Your objective: Tally the lines below that hold the string "фотография", and report the tally by itself.

Recorded data:
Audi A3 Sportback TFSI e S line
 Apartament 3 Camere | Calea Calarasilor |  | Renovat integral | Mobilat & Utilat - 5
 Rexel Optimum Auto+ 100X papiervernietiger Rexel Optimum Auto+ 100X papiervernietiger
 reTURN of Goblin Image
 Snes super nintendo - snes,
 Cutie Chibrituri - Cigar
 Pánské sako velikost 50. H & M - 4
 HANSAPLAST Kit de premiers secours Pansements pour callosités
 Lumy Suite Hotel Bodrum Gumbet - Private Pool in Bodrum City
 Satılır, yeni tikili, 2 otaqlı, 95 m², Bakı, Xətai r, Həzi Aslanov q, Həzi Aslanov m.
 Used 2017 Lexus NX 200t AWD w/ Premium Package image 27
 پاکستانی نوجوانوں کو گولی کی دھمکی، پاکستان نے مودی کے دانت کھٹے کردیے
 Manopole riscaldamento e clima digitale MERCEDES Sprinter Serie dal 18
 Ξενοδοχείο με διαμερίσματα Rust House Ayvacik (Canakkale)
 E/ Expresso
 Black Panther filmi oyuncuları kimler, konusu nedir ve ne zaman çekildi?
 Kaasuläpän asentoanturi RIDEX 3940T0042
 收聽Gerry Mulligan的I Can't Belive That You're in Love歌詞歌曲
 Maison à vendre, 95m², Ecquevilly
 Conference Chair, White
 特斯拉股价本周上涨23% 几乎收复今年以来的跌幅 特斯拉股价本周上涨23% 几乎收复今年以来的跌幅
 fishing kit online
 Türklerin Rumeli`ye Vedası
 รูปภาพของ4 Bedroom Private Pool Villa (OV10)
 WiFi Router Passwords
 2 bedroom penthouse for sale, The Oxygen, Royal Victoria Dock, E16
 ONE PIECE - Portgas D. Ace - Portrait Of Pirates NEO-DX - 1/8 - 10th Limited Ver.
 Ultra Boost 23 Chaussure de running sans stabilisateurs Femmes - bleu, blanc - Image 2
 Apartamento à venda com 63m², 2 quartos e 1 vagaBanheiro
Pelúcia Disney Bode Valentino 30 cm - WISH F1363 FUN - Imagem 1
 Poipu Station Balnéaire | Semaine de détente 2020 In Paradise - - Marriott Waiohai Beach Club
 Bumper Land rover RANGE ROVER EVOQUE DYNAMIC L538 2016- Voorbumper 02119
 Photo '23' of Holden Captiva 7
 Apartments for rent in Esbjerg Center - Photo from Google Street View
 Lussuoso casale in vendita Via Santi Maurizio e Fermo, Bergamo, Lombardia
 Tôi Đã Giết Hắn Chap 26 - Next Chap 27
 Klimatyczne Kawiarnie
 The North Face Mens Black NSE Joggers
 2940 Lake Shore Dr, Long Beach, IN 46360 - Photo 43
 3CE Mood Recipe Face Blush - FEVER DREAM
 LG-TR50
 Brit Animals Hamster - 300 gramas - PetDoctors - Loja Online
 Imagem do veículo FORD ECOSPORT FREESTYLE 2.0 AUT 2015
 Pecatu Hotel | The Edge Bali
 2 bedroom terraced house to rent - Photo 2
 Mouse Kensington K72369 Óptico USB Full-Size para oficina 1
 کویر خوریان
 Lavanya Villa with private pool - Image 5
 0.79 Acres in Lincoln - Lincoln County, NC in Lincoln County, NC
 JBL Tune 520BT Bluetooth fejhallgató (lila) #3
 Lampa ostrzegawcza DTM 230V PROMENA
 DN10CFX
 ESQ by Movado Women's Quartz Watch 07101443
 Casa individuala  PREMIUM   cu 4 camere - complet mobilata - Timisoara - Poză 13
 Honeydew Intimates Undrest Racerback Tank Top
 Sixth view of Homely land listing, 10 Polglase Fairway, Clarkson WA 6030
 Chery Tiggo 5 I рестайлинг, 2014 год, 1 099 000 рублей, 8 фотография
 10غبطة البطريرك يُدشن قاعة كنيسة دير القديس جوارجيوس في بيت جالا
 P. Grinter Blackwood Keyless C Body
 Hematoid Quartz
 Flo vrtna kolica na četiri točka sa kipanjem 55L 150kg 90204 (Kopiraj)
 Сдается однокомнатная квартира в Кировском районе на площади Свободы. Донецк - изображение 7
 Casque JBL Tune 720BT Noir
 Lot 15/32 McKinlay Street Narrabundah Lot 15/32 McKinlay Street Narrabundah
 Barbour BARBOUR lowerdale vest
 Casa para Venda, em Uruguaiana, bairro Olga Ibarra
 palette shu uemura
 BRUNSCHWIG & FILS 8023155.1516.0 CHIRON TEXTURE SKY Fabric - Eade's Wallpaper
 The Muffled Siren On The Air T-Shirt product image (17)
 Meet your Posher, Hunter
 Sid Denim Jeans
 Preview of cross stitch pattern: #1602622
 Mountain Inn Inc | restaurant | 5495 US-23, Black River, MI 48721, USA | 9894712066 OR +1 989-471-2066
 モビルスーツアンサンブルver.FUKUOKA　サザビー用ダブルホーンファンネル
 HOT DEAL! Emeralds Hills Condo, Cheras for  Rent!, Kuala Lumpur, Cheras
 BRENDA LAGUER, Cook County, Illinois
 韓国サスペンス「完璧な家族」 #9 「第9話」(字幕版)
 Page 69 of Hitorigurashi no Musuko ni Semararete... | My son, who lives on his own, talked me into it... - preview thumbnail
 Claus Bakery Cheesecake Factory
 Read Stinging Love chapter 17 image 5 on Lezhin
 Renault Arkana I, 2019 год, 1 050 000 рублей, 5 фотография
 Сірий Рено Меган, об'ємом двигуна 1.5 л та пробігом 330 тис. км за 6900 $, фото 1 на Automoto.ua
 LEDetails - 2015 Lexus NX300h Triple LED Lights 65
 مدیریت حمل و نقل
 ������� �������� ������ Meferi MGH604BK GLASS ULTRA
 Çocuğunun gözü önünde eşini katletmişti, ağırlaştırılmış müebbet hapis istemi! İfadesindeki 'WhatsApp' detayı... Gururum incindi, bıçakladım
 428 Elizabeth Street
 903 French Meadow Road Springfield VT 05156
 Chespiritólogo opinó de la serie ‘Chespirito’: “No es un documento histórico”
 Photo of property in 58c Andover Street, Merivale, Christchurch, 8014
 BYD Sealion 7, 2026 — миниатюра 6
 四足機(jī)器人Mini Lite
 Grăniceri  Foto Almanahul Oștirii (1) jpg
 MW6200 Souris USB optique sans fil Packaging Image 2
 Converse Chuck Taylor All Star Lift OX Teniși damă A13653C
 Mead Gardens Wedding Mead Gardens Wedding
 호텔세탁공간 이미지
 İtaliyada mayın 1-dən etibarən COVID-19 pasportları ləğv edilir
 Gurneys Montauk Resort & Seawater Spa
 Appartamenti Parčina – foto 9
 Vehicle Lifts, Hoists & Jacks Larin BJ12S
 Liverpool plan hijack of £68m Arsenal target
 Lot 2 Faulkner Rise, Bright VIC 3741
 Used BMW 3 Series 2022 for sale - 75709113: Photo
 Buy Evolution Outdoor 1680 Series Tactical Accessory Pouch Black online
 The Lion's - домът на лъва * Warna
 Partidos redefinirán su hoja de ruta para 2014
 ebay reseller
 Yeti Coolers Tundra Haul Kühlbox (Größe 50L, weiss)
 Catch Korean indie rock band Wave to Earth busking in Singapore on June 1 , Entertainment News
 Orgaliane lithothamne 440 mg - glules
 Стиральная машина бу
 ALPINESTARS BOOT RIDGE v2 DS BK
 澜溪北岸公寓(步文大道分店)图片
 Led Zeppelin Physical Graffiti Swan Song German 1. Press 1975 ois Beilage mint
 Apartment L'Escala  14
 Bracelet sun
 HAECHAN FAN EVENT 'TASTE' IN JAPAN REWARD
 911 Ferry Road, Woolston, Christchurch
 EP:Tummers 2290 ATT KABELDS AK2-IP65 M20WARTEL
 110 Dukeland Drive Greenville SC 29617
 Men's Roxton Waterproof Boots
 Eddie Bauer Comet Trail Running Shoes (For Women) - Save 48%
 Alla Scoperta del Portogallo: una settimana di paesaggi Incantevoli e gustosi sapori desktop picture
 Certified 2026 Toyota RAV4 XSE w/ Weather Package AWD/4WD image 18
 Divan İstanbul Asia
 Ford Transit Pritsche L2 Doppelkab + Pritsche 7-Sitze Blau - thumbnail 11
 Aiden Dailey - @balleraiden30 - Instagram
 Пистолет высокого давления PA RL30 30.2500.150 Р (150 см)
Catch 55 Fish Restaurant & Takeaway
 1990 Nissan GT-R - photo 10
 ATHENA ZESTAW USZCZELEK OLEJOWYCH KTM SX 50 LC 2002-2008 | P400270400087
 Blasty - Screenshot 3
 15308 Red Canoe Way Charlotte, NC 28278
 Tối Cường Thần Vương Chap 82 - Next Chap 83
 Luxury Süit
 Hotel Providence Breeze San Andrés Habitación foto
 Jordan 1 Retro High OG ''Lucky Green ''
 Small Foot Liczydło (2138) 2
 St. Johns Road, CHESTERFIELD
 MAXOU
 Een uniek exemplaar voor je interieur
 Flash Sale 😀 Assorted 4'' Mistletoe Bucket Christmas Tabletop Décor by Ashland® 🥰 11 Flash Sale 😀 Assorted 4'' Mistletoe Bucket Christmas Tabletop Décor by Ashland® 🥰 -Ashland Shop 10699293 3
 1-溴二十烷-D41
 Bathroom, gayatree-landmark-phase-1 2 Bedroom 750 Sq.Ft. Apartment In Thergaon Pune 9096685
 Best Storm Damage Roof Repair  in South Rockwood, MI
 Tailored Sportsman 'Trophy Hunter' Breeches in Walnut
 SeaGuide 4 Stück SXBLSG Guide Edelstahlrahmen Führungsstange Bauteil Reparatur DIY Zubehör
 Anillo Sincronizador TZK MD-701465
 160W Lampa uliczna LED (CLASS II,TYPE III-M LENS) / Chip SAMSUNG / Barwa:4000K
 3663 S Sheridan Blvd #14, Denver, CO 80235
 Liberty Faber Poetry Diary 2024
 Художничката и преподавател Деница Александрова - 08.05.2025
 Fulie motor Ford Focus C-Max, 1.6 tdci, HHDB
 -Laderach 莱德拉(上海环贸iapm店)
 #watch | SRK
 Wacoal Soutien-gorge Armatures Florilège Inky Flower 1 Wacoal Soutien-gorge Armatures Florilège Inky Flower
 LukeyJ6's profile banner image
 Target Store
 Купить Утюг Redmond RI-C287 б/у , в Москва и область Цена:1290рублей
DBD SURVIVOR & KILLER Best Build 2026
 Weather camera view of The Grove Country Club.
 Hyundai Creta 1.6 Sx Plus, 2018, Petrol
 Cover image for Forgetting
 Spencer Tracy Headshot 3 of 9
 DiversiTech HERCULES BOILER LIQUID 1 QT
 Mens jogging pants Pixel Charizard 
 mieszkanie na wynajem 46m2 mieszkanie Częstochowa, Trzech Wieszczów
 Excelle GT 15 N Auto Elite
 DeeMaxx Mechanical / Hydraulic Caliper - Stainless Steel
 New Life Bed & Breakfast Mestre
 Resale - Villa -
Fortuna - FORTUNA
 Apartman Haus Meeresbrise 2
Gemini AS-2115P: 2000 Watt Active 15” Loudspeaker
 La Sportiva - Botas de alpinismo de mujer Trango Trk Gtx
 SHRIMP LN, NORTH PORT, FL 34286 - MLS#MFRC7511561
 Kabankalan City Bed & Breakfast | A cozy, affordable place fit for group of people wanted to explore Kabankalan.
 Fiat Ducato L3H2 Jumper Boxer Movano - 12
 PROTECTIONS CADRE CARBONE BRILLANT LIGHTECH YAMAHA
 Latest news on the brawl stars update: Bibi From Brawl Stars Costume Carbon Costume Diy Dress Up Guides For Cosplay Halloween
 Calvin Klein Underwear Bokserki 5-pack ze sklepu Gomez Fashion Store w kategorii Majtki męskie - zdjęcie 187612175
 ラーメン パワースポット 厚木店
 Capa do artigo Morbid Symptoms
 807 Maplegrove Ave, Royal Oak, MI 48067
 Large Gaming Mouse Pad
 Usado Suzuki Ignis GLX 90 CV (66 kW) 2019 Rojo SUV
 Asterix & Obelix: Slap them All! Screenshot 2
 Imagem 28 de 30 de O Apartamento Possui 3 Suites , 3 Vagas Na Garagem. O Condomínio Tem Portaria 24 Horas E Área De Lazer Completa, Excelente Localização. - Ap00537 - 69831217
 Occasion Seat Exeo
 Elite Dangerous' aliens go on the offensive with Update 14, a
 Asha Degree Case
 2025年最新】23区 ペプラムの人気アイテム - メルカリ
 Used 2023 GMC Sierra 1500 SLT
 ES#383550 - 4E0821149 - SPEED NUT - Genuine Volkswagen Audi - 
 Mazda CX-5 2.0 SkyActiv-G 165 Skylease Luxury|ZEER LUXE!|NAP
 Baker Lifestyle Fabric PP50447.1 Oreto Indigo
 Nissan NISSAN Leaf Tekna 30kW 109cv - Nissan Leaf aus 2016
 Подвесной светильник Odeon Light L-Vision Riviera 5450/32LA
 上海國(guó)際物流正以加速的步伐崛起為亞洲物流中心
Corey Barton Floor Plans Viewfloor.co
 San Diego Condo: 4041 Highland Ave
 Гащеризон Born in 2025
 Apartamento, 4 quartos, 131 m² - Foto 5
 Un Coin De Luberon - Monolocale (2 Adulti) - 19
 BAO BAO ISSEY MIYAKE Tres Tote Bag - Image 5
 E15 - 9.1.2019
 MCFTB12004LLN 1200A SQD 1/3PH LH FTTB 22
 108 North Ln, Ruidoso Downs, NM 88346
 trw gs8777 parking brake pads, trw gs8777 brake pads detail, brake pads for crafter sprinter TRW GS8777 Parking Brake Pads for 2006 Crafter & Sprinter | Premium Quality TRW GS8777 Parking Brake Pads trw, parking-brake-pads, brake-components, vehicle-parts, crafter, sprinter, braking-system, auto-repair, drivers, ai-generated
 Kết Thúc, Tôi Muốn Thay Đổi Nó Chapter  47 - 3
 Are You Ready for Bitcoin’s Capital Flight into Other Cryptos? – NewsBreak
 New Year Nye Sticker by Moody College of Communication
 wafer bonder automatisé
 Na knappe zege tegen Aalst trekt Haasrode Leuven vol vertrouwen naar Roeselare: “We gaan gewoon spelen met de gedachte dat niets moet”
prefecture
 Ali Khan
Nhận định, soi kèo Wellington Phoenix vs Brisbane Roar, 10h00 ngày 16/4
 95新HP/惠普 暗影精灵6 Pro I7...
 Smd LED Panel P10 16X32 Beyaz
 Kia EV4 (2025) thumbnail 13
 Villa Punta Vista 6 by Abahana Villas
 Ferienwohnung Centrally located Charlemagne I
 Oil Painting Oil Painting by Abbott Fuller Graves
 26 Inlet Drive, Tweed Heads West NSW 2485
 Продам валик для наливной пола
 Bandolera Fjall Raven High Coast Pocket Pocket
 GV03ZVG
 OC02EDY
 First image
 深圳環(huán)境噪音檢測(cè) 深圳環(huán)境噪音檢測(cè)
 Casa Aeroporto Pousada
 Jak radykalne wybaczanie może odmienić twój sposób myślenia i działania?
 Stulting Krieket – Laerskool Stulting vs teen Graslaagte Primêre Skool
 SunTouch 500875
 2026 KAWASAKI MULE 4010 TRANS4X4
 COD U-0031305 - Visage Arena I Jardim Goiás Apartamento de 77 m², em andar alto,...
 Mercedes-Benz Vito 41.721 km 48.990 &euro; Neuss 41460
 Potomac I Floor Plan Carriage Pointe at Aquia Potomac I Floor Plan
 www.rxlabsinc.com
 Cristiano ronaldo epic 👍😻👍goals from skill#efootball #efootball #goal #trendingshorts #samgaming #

Finished exercise: 2